ISOCPP std-proposals List: Re: [std-proposals] Fwd: Extension to runtime polymorphism proposed

From: Thiago Macieira <thiago_at_[hidden]>
Date: Thu, 02 Apr 2026 19:15:42 -0700

On Thursday, 2 April 2026 16:53:30 Pacific Daylight Time Muneem via Std-
Proposals wrote:
> struct data_accessed_through_visit {
> static std::variant<A, B, C> obj;
>
> inline void operator()(int) {
> std::visit([](auto&& arg) {
> std::cout<< arg.get();
> }, obj);
> }
> };
> //proves that std visit is too verbose and slow (too hard/impractical to
> optimize) for this task
> what about switches, enjoy the look for yourself(while imagining the look
> if this were repeated multiple times over hundreds of case statements):
> struct data_switched {
> inline void operator()(int index) {
> switch(index) {
> case 0: std::cout<<1;
> case 1: std::cout<<"love C++";
> case 2: std::cout<<2;
> default: return -1;
> }
> }
> };

This is a very misleading benchmark because it's not comparing apples to
apples. It also doesn't compile and is missing breaks. Please paste your code
to Godbolt instead of typing here.

In the case of std::variant above, the quantity being tested is stored in the
static variable (a global). As you're looping over the call operator function,
the compiler is constantly reloading the index of the current type and making
a runtime decision on it.

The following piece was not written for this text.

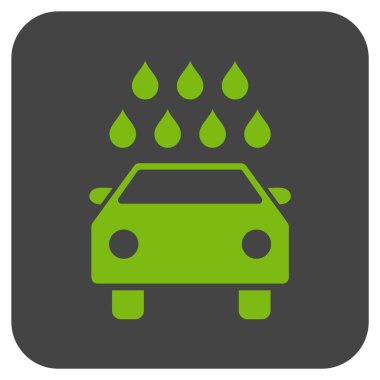 Araba duş düz kare vektör simgesi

It can't cache this value because, as a global, it
could conceivably be modified by the std::cout call.

In the case of the switched, the quantity being tested is local to the
function and never escapes. It's provided by the caller at the time of call.
So the compiler knows it's a constant and inverts the looping: instead of 1x
loop over 3 possibilities of std::cout calls, it has 3x loops of 1 possibility
each.

Now, this may be what you're trying to get across to us that needs to be
improved. If so, you have failed at communicating that. More importantly, you
have failed to describe what std::variant is being used here for. This is not
a typical use.

Even in this case, I have profiled the code above (after fixing it and removing
the std::cout itself) and found that overall, the switched case ran 2x faster,
at 0.113 ns per iteration, while the variant case required 0.227 ns per
iteration. Looking at the CPU performance counters, the std::variant code has
2 branches per iteration and takes 1 cycle per iteration, running at 5 IPC
(thus, 5 instructions per iteration). Meanwhile, the switched case has 0.5
branch per iteration and takes 0.5 cycle per iteration, running at 2 IPC. The
half cycle numbers make sense because I believe the two instructions are
getting macrofused together and execute as a single uop, which causes
confusing numbers.

In other words, this microbenchmark is pointless. It showed that the extra
cost is about one ninth of a nanosecond on my system. The number of
mispredicted branches was indistinguishable from zero in both, which is
unreasonable for real-world cases.

-- 
Thiago Macieira - thiago (AT) macieira.info - thiago (AT) kde.org
  Principal Engineer - Intel Data Center - Platform & Sys. Eng.

Received on 2026-04-03 02:15:51